> **Problem statement**: Check each line of the listing below for the string "foto", then copy every line that has it.

> **Supplied data**:
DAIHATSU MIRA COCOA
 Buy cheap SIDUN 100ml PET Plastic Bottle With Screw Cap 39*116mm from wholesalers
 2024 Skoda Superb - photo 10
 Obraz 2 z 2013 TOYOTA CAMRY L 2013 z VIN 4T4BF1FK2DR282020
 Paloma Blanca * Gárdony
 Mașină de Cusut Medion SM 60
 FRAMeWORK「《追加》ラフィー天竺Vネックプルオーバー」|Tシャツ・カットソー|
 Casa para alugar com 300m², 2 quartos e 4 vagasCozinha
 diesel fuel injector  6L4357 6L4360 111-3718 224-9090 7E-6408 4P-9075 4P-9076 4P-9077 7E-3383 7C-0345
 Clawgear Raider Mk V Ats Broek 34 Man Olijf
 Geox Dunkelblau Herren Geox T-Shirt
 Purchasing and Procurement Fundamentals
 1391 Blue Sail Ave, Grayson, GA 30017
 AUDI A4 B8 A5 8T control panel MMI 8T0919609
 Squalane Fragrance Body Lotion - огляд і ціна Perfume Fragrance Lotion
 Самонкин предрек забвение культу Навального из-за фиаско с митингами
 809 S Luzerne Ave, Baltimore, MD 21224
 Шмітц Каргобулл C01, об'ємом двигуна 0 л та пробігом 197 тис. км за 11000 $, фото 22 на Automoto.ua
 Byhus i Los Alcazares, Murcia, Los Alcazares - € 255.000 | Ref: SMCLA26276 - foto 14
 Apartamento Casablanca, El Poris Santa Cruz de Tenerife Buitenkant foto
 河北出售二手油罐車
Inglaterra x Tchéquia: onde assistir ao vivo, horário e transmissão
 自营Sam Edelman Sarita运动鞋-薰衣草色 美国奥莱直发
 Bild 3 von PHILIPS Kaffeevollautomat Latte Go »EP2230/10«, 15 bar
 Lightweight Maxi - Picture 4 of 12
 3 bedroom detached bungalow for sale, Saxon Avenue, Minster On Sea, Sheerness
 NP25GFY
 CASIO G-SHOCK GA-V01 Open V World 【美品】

> **Finished exercise**:
 Byhus i Los Alcazares, Murcia, Los Alcazares - € 255.000 | Ref: SMCLA26276 - foto 14
 Apartamento Casablanca, El Poris Santa Cruz de Tenerife Buitenkant foto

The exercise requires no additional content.